> -----Original Message-----
> From: Noel Chiappa [mailto:[email protected]]
> Sent: Monday, November 22, 2010 9:08 PM
> To: [email protected]
> Cc: [email protected]
> Subject: Re: [rrg] rrg-design-goals-04 - we should write something much
> better

> I'm curious about how this strong desire on your part interacts with
> your
> prior comments about IPv6. Isn't widespread IPv6 deployment on an end-
> end
> basis likely to dramatically increase (aka immediately come close to
> doubling) the size of the routing table you have to support - and then
> some,
> with the PI policy for IPv6 addreses?
>
[WES] yes it will increase it. Probably not exactly double owing to 
efficiencies gained by larger block sizes that should allow most networks to 
only need one, but your point is still accurate especially since we don't have 
a good solution for TE or multihoming that doesn't involve deaggregation yet. 
However, I view this IPv6-driven routing table growth as a foregone conclusion, 
and my view is that it's going to be easier to make changes to an IPv6 stack 
than it is the IPv4. This is especially true when you consider that the same 
widgets in the network today that will never support IPv6 are equally unlikely 
to get any updates to support something like ILNP. Then, as IPv6 gains critical 
mass and it becomes more obvious that the IPv4 game is largely over, you will 
start to get more and more people saying, "why should I change IPv4? It 
basically works (as well as it's going to) and I can't grow my network on IPv4, 
so why should I invest any more money in it?" Therefore, I'd rath
 er concentrate where we get the biggest long-term advantage. We telco people 
have a buzzword bingo phrase for it - cap and grow.

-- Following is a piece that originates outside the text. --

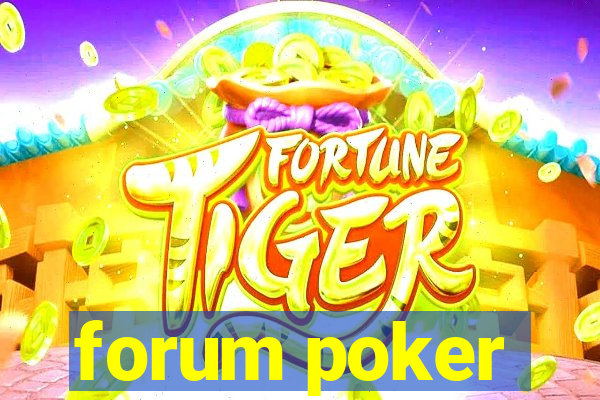 forum poker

> (Yes, something like ILNP might eventually help, but it will take time
> to get
> it implemented, and rolled out to hosts, by which time the routing
> table size
> increase will have left the barn...)

[WES] Yes. Hence my sense of urgency on forward progress. Ideally we should 
have solved this problem in, oh, 2006 when the original concerns were raised, 
and had it ready so that as everyone was madly updating things in the last 
couple of years to support IPv6, we got this in the same update. Oh, and while 
we're asking for impossible things, I'd also like a Ferrari and a supermodel 
mechanic to keep it running. ;-)
The best I can hope for is that ILNP's (or something else's) benefits start to 
show up in parallel with the routing table growth, but I'm under no illusion 
that this will be easy or fast.

>
> Wouldn't some sort of 'mixed' architecture (something like Comcast) be
> better,
> from that combined perspective?
[WES] Please clarify what you mean by this.